Nykopp Timo K, Batista da Costa Jose, Mannas Miles, Black Peter C
Department of Surgery, Institute of Clinical Medicine, University of Eastern Finland, Kuopio, Finland.
Vancouver Prostate Centre, Department of Urologic Sciences, University of British Columbia, Level 6, 2775 Laurel St, Vancouver, BC, V6N 2W6, Canada.
Curr Urol Rep. 2018 Oct 24;19(12):101. doi: 10.1007/s11934-018-0852-6.
As our molecular understanding of bladder cancer continues to advance, more and more novel agents are entering clinical trials across the spectrum of bladder cancer stages. The clinical trial activity for non-muscle invasive bladder cancer (NMIBC) has been boosted further by the evolution of specific disease states that set more uniform inclusion criteria for clinical trial design. Here, we aimed to review the current clinical trials landscape in non-muscle invasive bladder cancer with respect to these disease states.
Most active clinical trials focus on high-risk NMIBC in either the BCG-naïve or BCG-unresponsive setting. Strict criteria to define the disease state and a clear pathway to drug registration have encouraged trials for patients with BCG-unresponsive NMIBC. The most promising potential breakthroughs for BCG-naïve patients include alternative BCG strains, immune-priming with intradermal BCG vaccination, and systemic immune checkpoint blockade. The latter therapy is also being actively investigated in multiple trials in BCG-unresponsive NMIBC, along with novel viral agents such as INSTILADRIN (nadofaragene firadenovec) and targeted agents such as oportuzumab monatox. After many years of relative stagnation, multiple new therapies currently under investigation in well-designed clinical trials appear poised for routine clinical implementation in the near future. These therapies should dramatically improve the outcome of patients with NMIBC. We can look forward to the challenges of biomarker-driven drug selection, optimal drug sequencing, and rational combination therapies.

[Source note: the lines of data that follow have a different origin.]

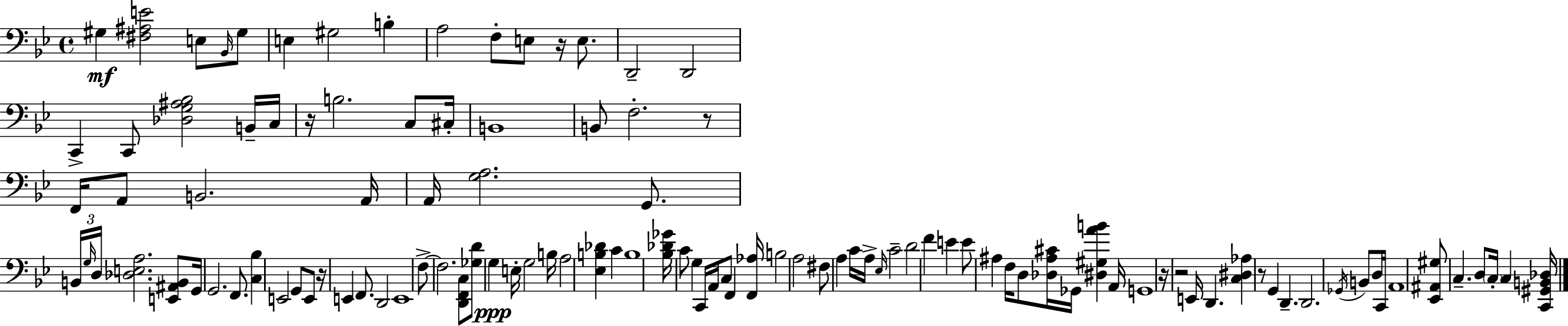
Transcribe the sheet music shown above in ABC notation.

X:1
T:Untitled
M:4/4
L:1/4
K:Gm
^G, [^F,^A,E]2 E,/2 _B,,/4 ^G,/2 E, ^G,2 B, A,2 F,/2 E,/2 z/4 E,/2 D,,2 D,,2 C,, C,,/2 [_D,G,^A,_B,]2 B,,/4 C,/4 z/4 B,2 C,/2 ^C,/4 B,,4 B,,/2 F,2 z/2 F,,/4 A,,/2 B,,2 A,,/4 A,,/4 [G,A,]2 G,,/2 B,,/4 G,/4 D,/4 [_D,E,A,]2 [E,,^A,,B,,]/2 G,,/4 G,,2 F,,/2 [C,_B,] E,,2 G,,/2 E,,/2 z/4 E,, F,,/2 D,,2 E,,4 F,/2 F,2 [D,,F,,C,]/2 [_G,D]/2 G, E,/4 G,2 B,/4 A,2 [_E,B,_D] C B,4 [_B,_D_G]/4 C/2 G, C,,/4 A,,/4 C,/2 F,, [F,,_A,]/4 B,2 A,2 ^F,/2 A, C/4 A,/4 _E,/4 C2 D2 F E E/2 ^A, F,/4 D,/2 [_D,^A,^C]/4 _G,,/4 [^D,^G,AB] A,,/4 G,,4 z/4 z2 E,,/4 D,, [C,^D,_A,] z/2 G,, D,, D,,2 _G,,/4 B,,/2 D,/4 C,,/4 A,,4 [_E,,^A,,^G,]/2 C, D,/2 C,/4 C, [C,,^G,,B,,_D,]/4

随着我们对膀胱癌分子层面的理解不断深入,越来越多的新型药物正进入针对各个膀胱癌阶段的临床试验。非肌肉浸润性膀胱癌(NMIBC)特定疾病状态的演变进一步推动了临床试验活动,这些疾病状态为临床试验设计设定了更统一的纳入标准。在此,我们旨在就这些疾病状态综述非肌肉浸润性膀胱癌当前的临床试验情况。

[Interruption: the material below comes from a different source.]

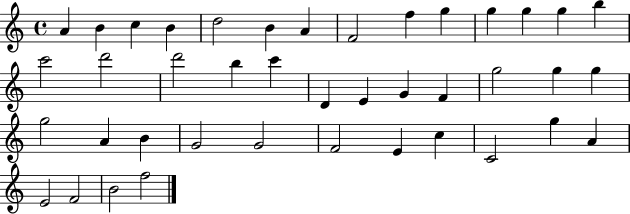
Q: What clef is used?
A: treble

大多数活跃的临床试验聚焦于初治卡介苗(BCG)或卡介苗无反应情况下的高危NMIBC。定义疾病状态的严格标准以及明确的药物注册途径鼓励了针对卡介苗无反应性NMIBC患者的试验。对于初治卡介苗患者,最有前景的潜在突破包括替代卡介苗菌株、皮内卡介苗接种的免疫启动以及全身性免疫检查点阻断。后一种疗法也正在卡介苗无反应性NMIBC的多项试验中积极研究,同时还有新型病毒制剂如INSTILADRIN(纳多福韦基因腺病毒载体)和靶向制剂如oportuzumab monatox。经过多年的相对停滞,目前在精心设计的临床试验中研究的多种新疗法似乎在不久的将来有望常规临床应用。这些疗法应能显著改善NMIBC患者的预后。我们期待生物标志物驱动的药物选择、最佳药物序贯以及合理联合治疗方面的挑战。